Czech government satisfied with Temelin safety declaration

Anti-Temelin protests in Austria, photo: CTK

The Czech delegation returned home from the Copenhagen EU summit with a satisfactory deal on the Temelin nuclear power station which has for years been a thorn in the eye of neighbouring anti-nuclear Austria. In recent years some pressure groups in Austria have threatened to try and block the Czech Republic's accession to the EU unless Temelin is shut down. Austria's far-right Freedom Party went as far as to launch a nation-wide referendum in January this year in an effort to make the shutdown of Temelin a condition for Czech EU entry. Although local anti-Temelin protests are still frequent in Austria, the Czech Republic no longer needs to fear its membership in the European Union could be jeopardised by the existence of the controversial plant.

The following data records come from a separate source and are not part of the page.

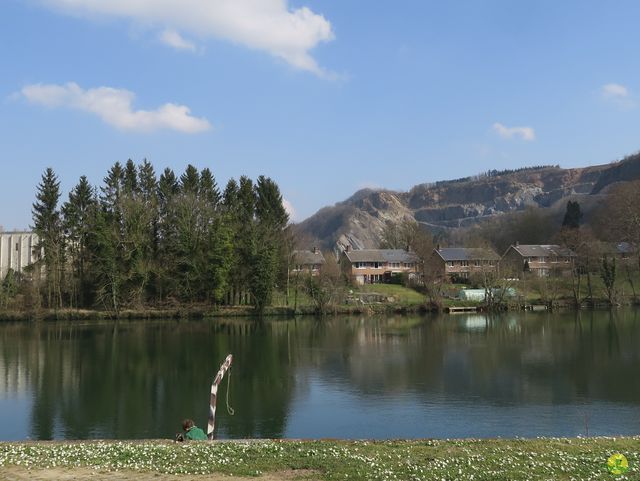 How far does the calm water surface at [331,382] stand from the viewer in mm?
19328

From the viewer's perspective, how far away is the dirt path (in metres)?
10.2

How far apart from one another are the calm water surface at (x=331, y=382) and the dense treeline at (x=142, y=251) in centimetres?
1190

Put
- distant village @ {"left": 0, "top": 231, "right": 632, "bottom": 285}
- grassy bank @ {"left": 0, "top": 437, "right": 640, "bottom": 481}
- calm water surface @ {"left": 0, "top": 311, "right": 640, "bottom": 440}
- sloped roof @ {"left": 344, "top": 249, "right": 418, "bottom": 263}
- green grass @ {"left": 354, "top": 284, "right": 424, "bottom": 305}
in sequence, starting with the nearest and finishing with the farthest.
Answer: grassy bank @ {"left": 0, "top": 437, "right": 640, "bottom": 481}, calm water surface @ {"left": 0, "top": 311, "right": 640, "bottom": 440}, green grass @ {"left": 354, "top": 284, "right": 424, "bottom": 305}, distant village @ {"left": 0, "top": 231, "right": 632, "bottom": 285}, sloped roof @ {"left": 344, "top": 249, "right": 418, "bottom": 263}

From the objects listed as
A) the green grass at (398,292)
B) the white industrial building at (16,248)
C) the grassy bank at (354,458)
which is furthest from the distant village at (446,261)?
the grassy bank at (354,458)

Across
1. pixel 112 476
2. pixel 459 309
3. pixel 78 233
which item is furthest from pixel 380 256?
pixel 112 476

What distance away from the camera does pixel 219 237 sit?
2394 inches

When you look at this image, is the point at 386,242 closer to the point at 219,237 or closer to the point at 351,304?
the point at 351,304

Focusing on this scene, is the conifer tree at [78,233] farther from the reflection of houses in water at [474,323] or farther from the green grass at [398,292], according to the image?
the reflection of houses in water at [474,323]

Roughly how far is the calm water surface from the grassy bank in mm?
5009

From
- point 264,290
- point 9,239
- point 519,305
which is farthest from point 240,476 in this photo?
point 9,239

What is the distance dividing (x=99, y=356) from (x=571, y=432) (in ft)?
93.2

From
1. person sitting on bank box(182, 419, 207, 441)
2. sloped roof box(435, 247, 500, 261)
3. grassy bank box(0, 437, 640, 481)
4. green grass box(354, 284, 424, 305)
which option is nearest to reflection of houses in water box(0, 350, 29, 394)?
grassy bank box(0, 437, 640, 481)

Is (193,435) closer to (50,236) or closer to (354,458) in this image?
(354,458)

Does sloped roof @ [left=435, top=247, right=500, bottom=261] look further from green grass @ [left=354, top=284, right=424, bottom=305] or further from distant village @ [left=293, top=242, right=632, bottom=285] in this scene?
green grass @ [left=354, top=284, right=424, bottom=305] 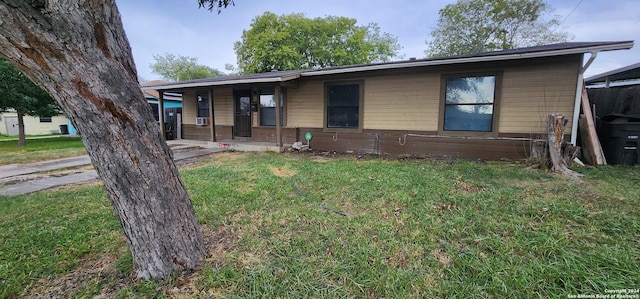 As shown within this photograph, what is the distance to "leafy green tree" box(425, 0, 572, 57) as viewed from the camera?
21219 millimetres

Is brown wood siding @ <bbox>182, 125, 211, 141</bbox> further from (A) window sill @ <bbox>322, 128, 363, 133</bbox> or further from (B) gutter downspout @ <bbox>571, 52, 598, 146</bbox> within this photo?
(B) gutter downspout @ <bbox>571, 52, 598, 146</bbox>

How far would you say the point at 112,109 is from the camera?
150 centimetres

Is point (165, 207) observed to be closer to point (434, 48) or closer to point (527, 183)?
point (527, 183)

Anti-Temelin protests in Austria,  photo: CTK
The Czech Republic and Austria signed a bilateral declaration, which will be attached to the Accession Treaty. It will include a single sentence stating that the two countries will fulfil obligations from previous agreements, that is the conclusions of the "Melk agreement" and the subsequent process. The agreement committed the Czech side to clearing up a number of security concerns linked to the power station and producing an environmental impact study before putting Temelin into commercial operation. Speaking in Copenhagen, the Czech Foreign Minister Cyril Svoboda welcomed the fact that the Austrians failed to push through any mention about the jurisdiction of the European Court or a reference to the Euratom treaty, which Prague did not agree with.

"It was a mutually acceptable solution because for us it is very important to exclude the jurisdiction of the (European) Court, so this is very important for us. And we just signed a political declaration that we are capable of fulfilling all the obligations and commitments which are incorporated in the Melk process and the Brussels treaty. So there is nothing new and I think for us the good result is the political declaration."

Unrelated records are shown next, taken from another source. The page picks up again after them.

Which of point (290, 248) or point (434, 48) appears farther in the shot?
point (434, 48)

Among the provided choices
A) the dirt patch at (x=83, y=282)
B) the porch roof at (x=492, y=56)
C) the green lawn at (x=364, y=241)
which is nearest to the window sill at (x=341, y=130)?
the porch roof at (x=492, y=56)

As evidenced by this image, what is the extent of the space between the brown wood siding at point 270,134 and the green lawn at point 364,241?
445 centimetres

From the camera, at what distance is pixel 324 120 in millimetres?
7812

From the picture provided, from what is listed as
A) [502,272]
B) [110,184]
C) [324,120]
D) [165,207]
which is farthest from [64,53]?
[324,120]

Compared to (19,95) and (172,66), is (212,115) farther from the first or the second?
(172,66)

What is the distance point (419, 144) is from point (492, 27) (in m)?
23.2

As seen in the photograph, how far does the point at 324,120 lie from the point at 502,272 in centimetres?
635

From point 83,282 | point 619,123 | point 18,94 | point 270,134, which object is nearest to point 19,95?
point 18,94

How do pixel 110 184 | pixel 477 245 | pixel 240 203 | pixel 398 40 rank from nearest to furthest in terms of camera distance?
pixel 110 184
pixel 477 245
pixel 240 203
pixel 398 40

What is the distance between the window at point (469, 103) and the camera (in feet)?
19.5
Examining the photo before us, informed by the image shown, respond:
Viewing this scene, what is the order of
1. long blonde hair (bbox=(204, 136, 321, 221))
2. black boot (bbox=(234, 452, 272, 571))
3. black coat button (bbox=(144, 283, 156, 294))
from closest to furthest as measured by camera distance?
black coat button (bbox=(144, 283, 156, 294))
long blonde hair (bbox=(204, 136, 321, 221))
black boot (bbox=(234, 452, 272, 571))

After the Copenhagen summit the Austrian Chancellor Wolfgang Schuessel admitted it had not been possible to push through Austria's goal of having the bilateral safety agreement enshrined in the Czech Republic's EU membership accords and put under the jurisdiction of the European Court. EU countries operating nuclear plants such as Britain, Sweden and Finland were against it.

"Today, because of the fact that some nuclear energy producers, Finland, Sweden, the United Kingdom, did not agree to include the protocol in the final act, we set a joint declaration to make it crystal clear that the Czech Republic and Austria would fulfil the Melk conclusions. The European Council welcomes this agreement and expects the comprehensive implementation."